Godesberg. Hôtel Dreesen. Vers 0 heure

Sur toute la vallée du Rhin, autour de Godesberg, c’est le silence du milieu de la nuit. La légère brise qui montait régulièrement du fleuve, portant des rumeurs, est tombée. Une immobilité douce a saisi les reliefs peu à peu, gagnant depuis le fond de la vallée, recouvrant le paysage, s’étendant jusqu’à l’horizon maintenant noyé lui aussi, à peine plus sombre. Une lie blanche brille, à mi-hauteur : l’hôtel Dreesen, une lie battue par le silence et la dense profondeur d’une nuit campagnarde et tranquille. Les volontaires du R.A.D., après de longs Sieg Heil, les fanfares, les porteurs de torche viennent de partir, il ne reste sur la frange de la zone éclairée que les hommes du service d’ordre, en longs manteaux de cuir, qui font les cent pas, reparaissant dans la lumière, disparaissant dans la nuit. Aux étages de l’hôtel Dreesen, formant un damier irrégulier, des lampes brillent. Les fenêtres sont ouvertes. La terrasse est faiblement éclairée par de petits projecteurs d’angles, noyés dans des massifs de fleurs et qui n’arrivent pas à se rejoindre. Dans cette demi-obscurité où la lumière se dissout et reste comme une traînée de poussière hésitant à retomber, un groupe d’hommes silencieux guette le Führer.


L’ORDRE DONNÉ A SEPP DIETRICH...

Le visage d’Adolf Hitler paraît gris, des poches ridées se sont formées sous les yeux, le regard est fixe, tourné vers la nuit ne prenant rien dans son champ, regard d’attente et d’incertitude. Goebbels, assis près de lui, l’observe ne dissimulant pas son anxiété. Quand le lieutenant Brückner surgit, Hitler se lève. Tout le monde entend Brückner annoncer que le Gruppenführer S.S. Sepp Dietrich est arrivé à Munich, il appelle de la capitale bavaroise, comme le Führer lui en a donné l’ordre et il attend les nouvelles instructions de son Führer.

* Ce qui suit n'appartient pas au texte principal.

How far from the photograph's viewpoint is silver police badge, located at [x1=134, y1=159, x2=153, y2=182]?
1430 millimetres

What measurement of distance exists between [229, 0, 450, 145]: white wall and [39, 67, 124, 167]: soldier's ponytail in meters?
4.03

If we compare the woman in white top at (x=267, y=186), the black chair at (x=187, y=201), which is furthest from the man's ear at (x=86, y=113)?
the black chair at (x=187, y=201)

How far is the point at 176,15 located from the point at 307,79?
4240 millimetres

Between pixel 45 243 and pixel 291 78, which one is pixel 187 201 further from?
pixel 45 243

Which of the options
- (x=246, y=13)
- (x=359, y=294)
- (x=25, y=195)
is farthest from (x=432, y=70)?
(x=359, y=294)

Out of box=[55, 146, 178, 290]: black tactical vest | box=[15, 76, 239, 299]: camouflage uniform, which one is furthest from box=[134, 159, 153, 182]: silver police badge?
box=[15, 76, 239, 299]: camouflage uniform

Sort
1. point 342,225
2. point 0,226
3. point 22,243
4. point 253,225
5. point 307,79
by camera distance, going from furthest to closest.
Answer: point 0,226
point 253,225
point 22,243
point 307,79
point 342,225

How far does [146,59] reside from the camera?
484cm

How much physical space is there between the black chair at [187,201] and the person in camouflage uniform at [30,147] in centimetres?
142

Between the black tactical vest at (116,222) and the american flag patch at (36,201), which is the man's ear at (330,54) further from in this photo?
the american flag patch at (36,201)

Hitler n’hésite pas : la voix est rauque, voilée, elle s’assure au fur et à mesure que les mots résonnent, comme si de les entendre donnait au Führer confiance en lui-même. Les hommes de sa garde, la Leibstandarte S.S. Adolf Hitler, doivent être arrivés à Kaufering, dit-il. Que le Gruppenführer Sepp Dietrich s’y rende et prenne la tête de deux compagnies. Et qu’avec ces hommes de la Leibstandarte il se dirige vers Bad Wiessee. Brückner répète avant de courir vers le téléphone. Leibstandarte, Bad Wiessee : les expressions de Hitler reviennent amplifiées comme en écho. On les entend encore parce que, au téléphone proche de la terrasse, Brückner est contraint de crier fort. Puis c’est à nouveau le silence, le même silence du milieu de la nuit qui doit envelopper à Bad Wiessee, la pension Hanselbauer, où dorment Ernst Roehm et les chefs de la Sturmabteilung.

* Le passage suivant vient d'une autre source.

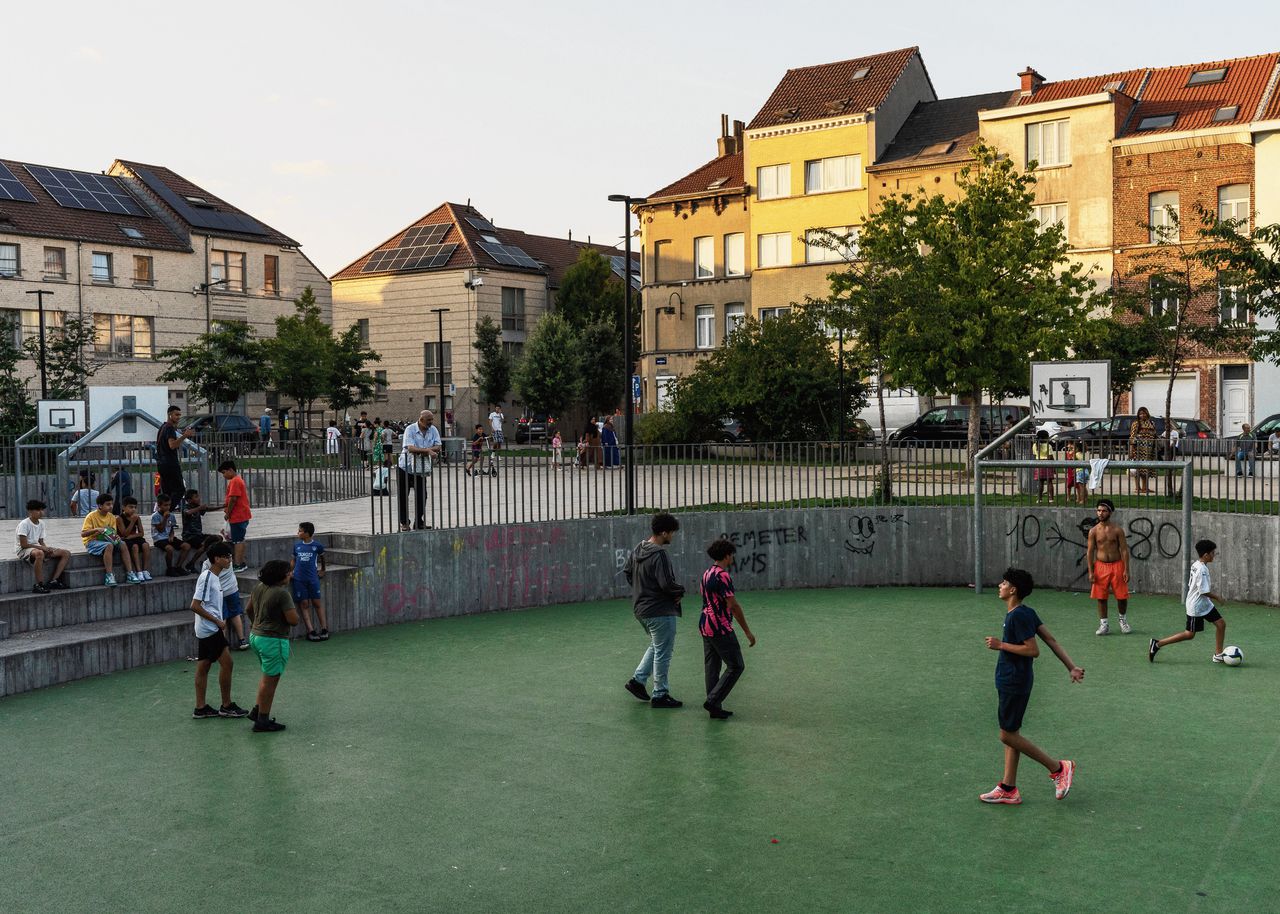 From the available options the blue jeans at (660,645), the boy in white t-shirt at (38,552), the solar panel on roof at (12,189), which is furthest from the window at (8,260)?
the blue jeans at (660,645)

Sur la terrasse de l’hôtel Dreesen, personne ne commente l’ordre que Hitler vient de donner. Goebbels s’est redressé dans son fauteuil : il sourit nerveusement, de grosses rides cernent la bouche. Hitler est resté debout. Il demande qu’on lui apporte son manteau de cuir : il le pose sur les épaules, commençant à marcher.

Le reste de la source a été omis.